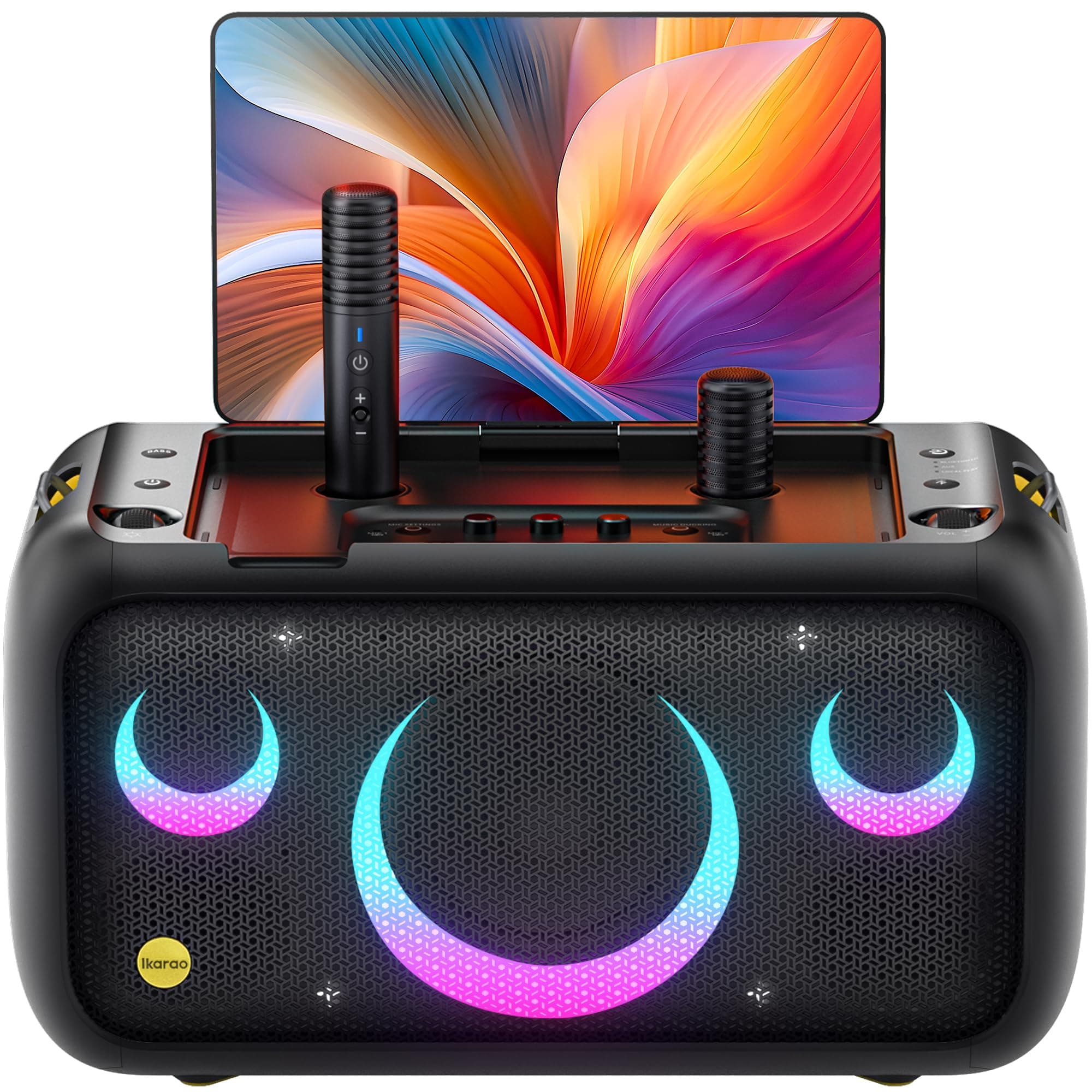 Ikarao Karaoke Machine for Adults with Lyrics Display, Built-in 13.3" Screen, Truly All in One Karaoke Machine with 2 Wireless Microphone (Hidden & Self Charging), 800W Bluetooth Speaker for Party, TV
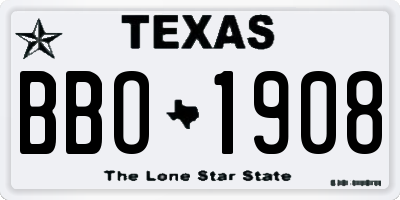 TX license plate BBO1908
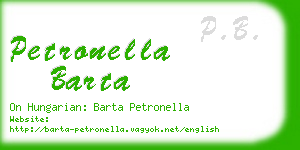 petronella barta business card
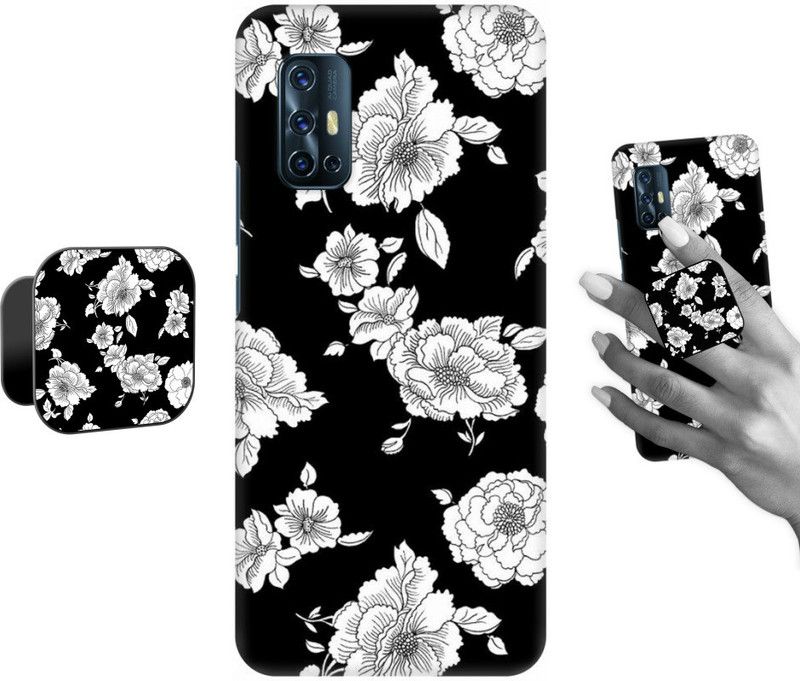 COBIERTAS Back Cover for Vivo V17  (Black, White, Cases with Holder, Pack of: 2)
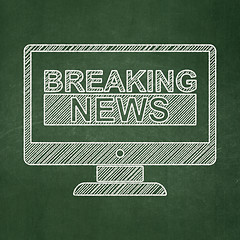 Image showing News concept: Breaking News On Screen on chalkboard background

====

_Work order_
Exact reproduction is required for the lines from the one containing "COBIERTAS Back Cover" through the end of the material, and for those lines only, without pictures.

_Task answer_
 COBIERTAS Back Cover for Vivo V17  (Black, White, Cases with Holder, Pack of: 2)
 Image showing News concept: Breaking News On Screen on chalkboard background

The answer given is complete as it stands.